5.  **Visualize Internals**: See how Muon affects the singular values of weight matrices.

## 1. The Problem: Scaling and Curvature

### The Landscape
Imagine training a neural network as walking down a mountain. 
-   **SGD** takes steps based on the slope immediately under your feet. If the slope is steep in one direction and flat in another (a ravine), SGD oscillates or moves slowly.
-   **Adam** scales the step size for each parameter individually (diagonal scaling). This helps with axis-aligned ravines but ignores correlations between parameters.

### The Muon Approach
Muon goes a step further. Instead of just scaling individual parameters, it considers the **entire geometry** of the weight matrix update. It tries to **orthogonalize** the update steps.

**Why?** 
In deep learning, weight matrices often develop a few very large "singular values" (dominant directions) that overshadow everything else. Gradients in these directions are huge, while gradients in other useful directions are tiny. 

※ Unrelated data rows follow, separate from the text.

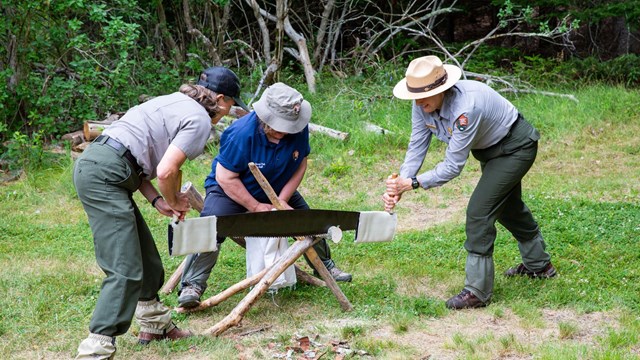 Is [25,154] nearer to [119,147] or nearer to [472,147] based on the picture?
[119,147]

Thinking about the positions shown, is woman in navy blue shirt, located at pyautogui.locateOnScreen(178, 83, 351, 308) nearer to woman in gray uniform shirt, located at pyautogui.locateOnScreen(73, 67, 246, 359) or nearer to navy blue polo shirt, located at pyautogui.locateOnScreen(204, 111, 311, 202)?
navy blue polo shirt, located at pyautogui.locateOnScreen(204, 111, 311, 202)

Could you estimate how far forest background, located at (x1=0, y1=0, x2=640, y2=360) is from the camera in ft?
16.8

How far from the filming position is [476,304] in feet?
18.2

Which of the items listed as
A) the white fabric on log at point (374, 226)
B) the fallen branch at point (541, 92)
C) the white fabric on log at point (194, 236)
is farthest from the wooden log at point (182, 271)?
the fallen branch at point (541, 92)

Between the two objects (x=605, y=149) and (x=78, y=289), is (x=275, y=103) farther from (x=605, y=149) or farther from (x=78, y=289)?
(x=605, y=149)

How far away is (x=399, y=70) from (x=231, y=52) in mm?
3154

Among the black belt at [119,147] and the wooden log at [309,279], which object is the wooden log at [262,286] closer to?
the wooden log at [309,279]

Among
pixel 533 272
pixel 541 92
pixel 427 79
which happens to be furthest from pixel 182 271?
pixel 541 92

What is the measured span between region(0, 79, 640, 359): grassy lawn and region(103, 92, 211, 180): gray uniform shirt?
127cm

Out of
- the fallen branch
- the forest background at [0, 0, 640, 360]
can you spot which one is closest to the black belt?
the forest background at [0, 0, 640, 360]

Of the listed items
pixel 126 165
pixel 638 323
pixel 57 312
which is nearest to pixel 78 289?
pixel 57 312

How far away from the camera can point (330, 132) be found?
10.6 metres

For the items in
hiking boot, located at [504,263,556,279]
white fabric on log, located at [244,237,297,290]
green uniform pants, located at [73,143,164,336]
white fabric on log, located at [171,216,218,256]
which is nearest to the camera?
green uniform pants, located at [73,143,164,336]

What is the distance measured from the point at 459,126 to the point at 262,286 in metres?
1.69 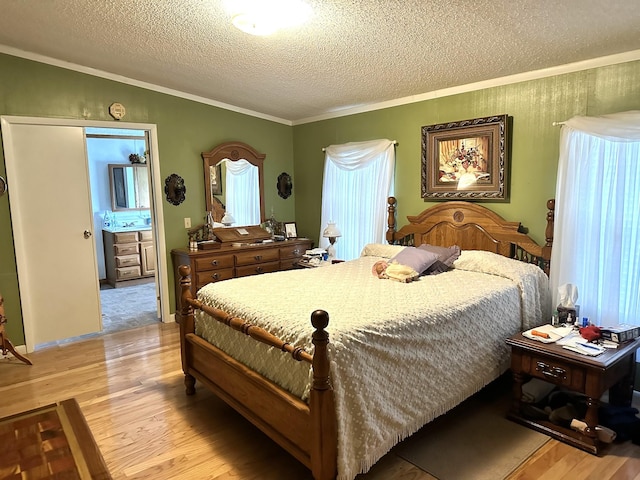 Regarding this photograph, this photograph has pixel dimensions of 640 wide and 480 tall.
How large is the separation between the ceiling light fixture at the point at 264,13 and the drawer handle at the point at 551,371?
2470 mm

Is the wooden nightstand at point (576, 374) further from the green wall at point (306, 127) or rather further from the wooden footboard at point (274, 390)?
the wooden footboard at point (274, 390)

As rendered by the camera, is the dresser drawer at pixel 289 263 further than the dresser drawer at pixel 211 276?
Yes

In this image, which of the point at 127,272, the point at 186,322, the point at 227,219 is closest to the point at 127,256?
the point at 127,272

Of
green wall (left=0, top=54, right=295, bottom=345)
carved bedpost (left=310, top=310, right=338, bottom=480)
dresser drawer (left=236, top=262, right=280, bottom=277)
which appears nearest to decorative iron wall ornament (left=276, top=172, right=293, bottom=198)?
green wall (left=0, top=54, right=295, bottom=345)

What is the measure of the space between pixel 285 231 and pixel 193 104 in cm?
181

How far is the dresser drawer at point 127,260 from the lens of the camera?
647 cm

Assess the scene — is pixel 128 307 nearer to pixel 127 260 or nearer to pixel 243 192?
pixel 127 260

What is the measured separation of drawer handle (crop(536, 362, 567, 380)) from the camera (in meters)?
2.40

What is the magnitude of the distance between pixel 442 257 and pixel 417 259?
27 cm

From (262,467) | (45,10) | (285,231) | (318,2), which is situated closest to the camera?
(262,467)

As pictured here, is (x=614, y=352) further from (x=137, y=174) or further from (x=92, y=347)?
(x=137, y=174)

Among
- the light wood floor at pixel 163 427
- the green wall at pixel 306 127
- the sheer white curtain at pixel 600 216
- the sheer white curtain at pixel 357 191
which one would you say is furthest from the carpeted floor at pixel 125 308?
the sheer white curtain at pixel 600 216

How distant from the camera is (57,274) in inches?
160

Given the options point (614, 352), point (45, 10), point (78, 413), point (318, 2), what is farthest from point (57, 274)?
point (614, 352) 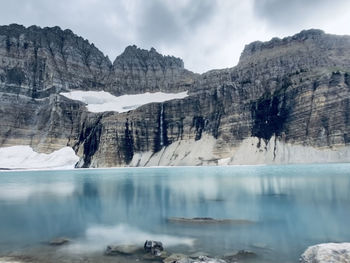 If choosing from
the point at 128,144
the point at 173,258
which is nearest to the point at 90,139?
the point at 128,144

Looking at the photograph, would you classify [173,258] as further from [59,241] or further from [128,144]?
[128,144]

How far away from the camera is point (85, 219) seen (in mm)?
25812

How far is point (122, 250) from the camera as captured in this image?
17406 millimetres

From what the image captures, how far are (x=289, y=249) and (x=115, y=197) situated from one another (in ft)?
77.1

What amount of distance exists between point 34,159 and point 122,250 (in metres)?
163

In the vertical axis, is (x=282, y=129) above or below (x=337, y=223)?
above

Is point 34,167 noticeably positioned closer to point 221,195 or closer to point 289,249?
point 221,195

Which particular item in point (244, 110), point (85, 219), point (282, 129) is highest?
point (244, 110)

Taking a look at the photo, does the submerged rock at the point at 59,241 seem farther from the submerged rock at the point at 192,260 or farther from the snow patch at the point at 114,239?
the submerged rock at the point at 192,260

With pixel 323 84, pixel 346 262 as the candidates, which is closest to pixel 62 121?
pixel 323 84

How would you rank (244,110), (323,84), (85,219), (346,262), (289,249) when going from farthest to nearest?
(244,110) < (323,84) < (85,219) < (289,249) < (346,262)

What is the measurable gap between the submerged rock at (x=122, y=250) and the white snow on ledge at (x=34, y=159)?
14855cm

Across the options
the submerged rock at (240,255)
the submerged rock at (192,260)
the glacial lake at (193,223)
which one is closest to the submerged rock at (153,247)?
the glacial lake at (193,223)

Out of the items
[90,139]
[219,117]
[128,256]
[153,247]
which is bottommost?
[128,256] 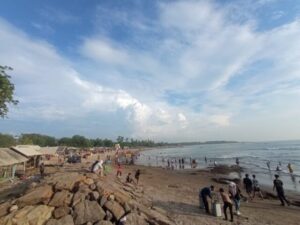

Muon forces the update matrix to be "orthogonal" (or close to it). This effectively flattens the curvature in all directions, allowing the optimizer to make progress everywhere at once. It's like turning a narrow ravine into a smooth bowl.

In [None]:
import torch
import torch.nn as nn
import torch.nn.functional as F
import matplotlib.pyplot as plt
import numpy as np

# Set device
device = torch.device("cuda" if torch.cuda.is_available() else "cpu")
print(f"Using device: {device}")

## 2. The Core: Newton-Schulz Iteration

To orthogonalize a matrix $G$, we want to map it to $U V^T$ where $G = U \Sigma V^T$ is the SVD. This is equivalent to $G (G^T G)^{-1/2}$.

Computing SVD is very slow on GPUs. **Newton-Schulz iteration** is a fast, iterative method to approximate this without calculating eigenvalues explicitly. It only uses matrix multiplications!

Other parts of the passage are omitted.